5. the social network user personality prediction technique as claimed in claim 4 based on Chinese text analysis, which is characterized in that D_comp111 features are shared, corresponding 102 kinds of parts of speech, 5 kinds of user state informations and 4 kinds of interactive informations, the step S4 are specific Include:

Wherein, Cov (X, Y) indicates the covariance of variable X and variable Y, σ_XAnd σ_YIt is the standard deviation of variable X and variable Y respectively, WithRespectively represent variable X and the average value of Y；Herein, X is a certain part of speech feature W in 102 part of speech feature W_i(i=1 ... 102) corresponding data, Y are a certain personality Ch in 5 kinds of personality Ch_j(j=1 ... 5) corresponding data；Every kind of personality is taken respectively Corresponding highest preceding 13 parts of speech of Pearson's coefficient, constitute 5 part of speech set:

Set_W=Set₁USet₂U…USet₅

Correlation is measured using Pearson correlation coefficients, calculation formula such as formula (1) is described, and herein, X is in 9 property feature F A certain feature F_i(i=1 ... 9) corresponding data, Y are a certain personality Ch in 5 kinds of personality Ch_j(j=1 ... 5) corresponding number According to.It takes every kind of personality to correspond to the highest first three items feature of Pearson's coefficient respectively, constitutes 5 characteristic sets:

Set_F=Set₁USet₂U…USet₅

Each part of speech is recalculated in Set_WThe frequency of occurrences in the text of composition；Correlation is measured using Pearson correlation coefficients, Calculation formula is as described in S41, herein, X Set_WIn the corresponding data of a certain part of speech feature, Y Set_WIn in addition to X certain The corresponding data of item part of speech feature, that is, calculate:

Wherein,For part of speech W_iWith part of speech W_jPearson's coefficient, if certain to Pearson's coefficient between part of speech be greater than 0.6, One therein is then rejected, set Set is obtained_wn；To Set_wnWith Set_FIt asks simultaneously, obtains Set_pre=Set_wn∪Set_F, then its is right The data answered merge with five personality label datas, obtain multi-tag multiple target characteristic element collection D_pre。

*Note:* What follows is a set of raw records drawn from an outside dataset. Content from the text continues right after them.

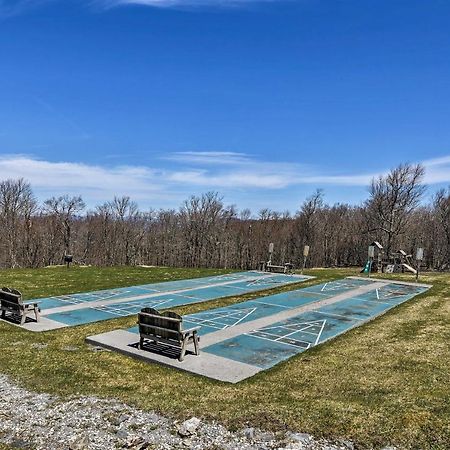 Beech Mountain Resort Condo With Pool Access And Views Εξωτερικό φωτογραφία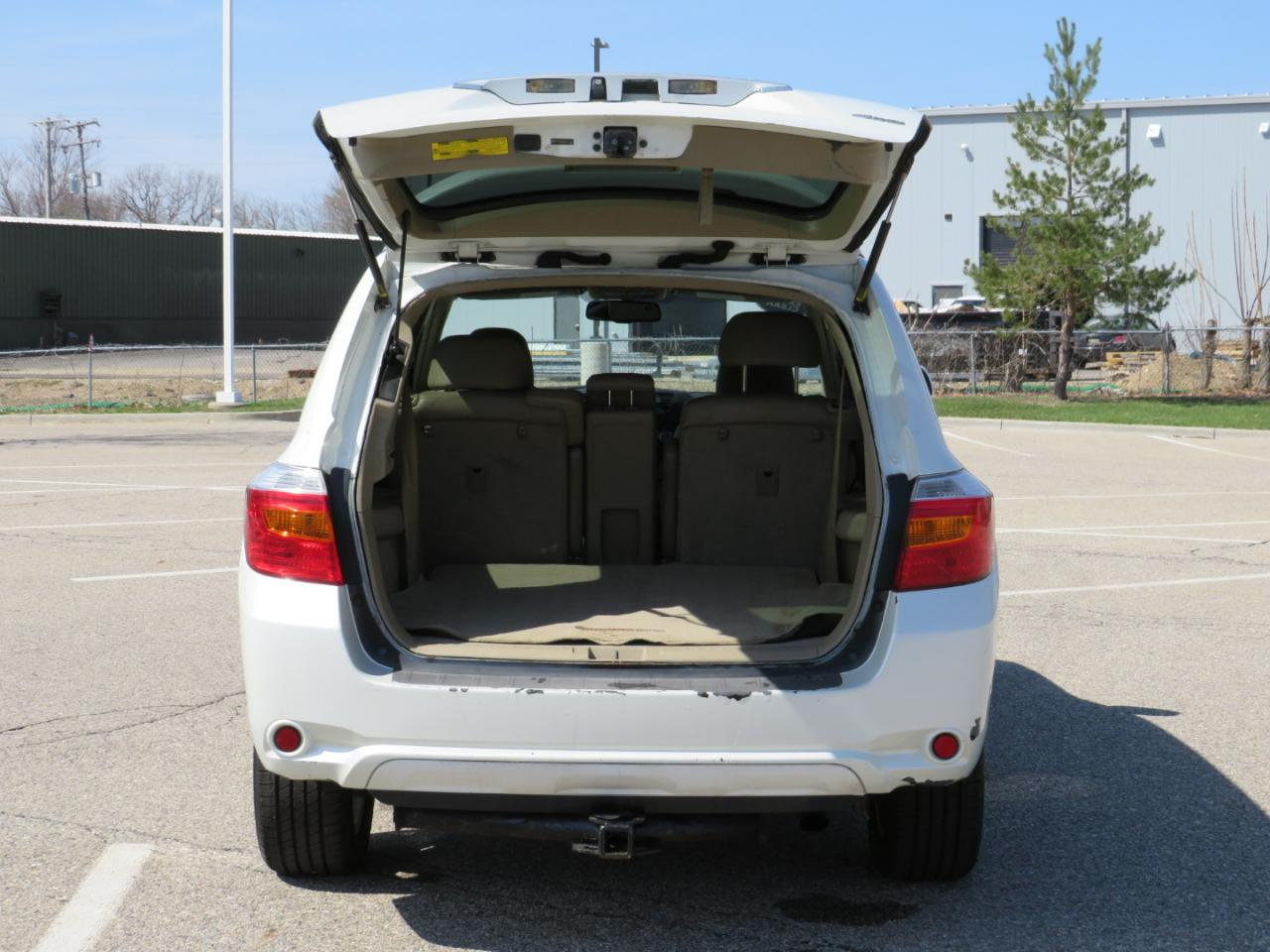 Toyota Highlander Limited 4WD 2010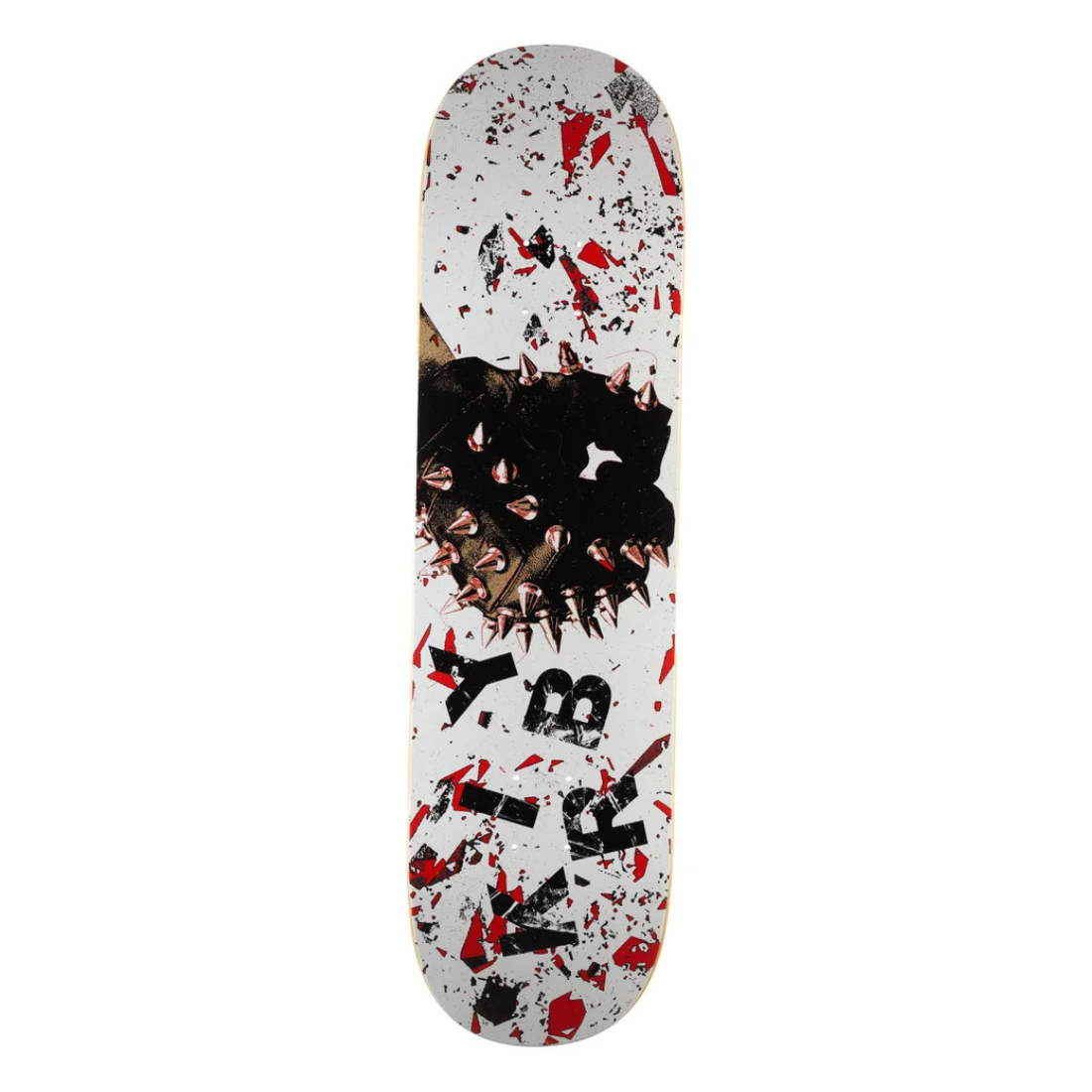 Deathwish - Kirby Ironmind Deck 8.25”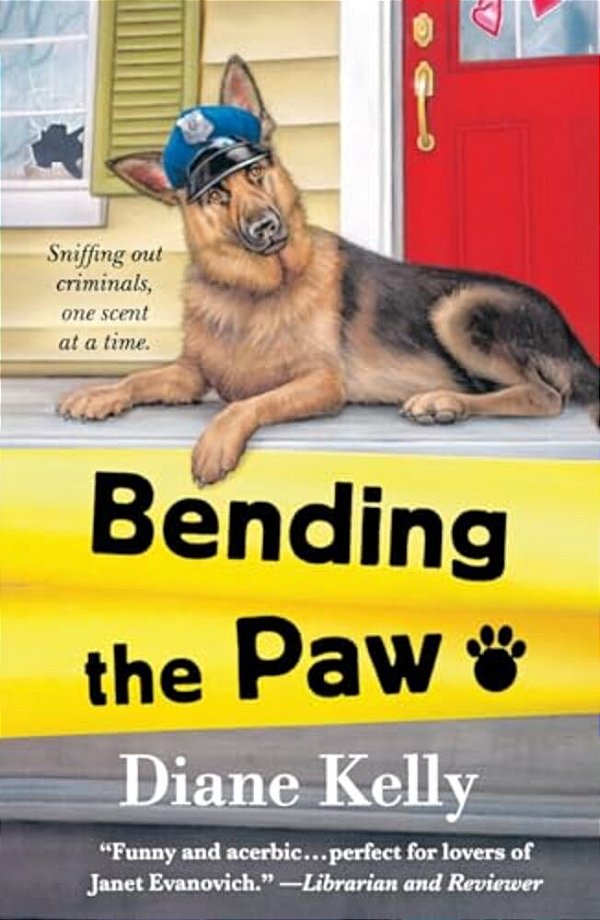 Bending The Paw-..
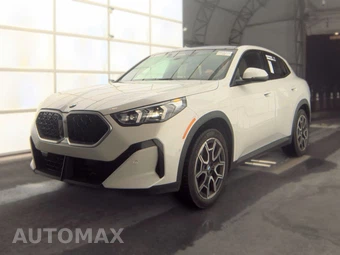2025 BMW X2 xDrive28i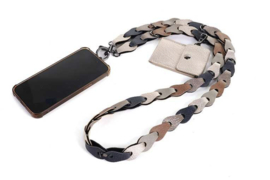 Telefoonkoord mix  Collor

6. the social network user personality prediction technique as claimed in claim 5 based on Chinese text analysis, which is characterized in that The step S5 specifically includes:

S51, it is being based on D_preBefore training pattern, first data are normalized, using logarithm normalizing, its calculation formula is x =lg (x)/lg (max), wherein x is characterized value, and max is the maximum value in this feature corresponding data；

S52, select tanh function as the excitation function of neuron, make its output input be able to maintain Nonlinear Monotone rise and Decline relationship meets gradient solution, zmodem；

S54, it is trained and predicts using ten folding cross validations, regularized learning algorithm rate, dropout are joined using grid search tune Rate, epochs and neuronal quantity parameter.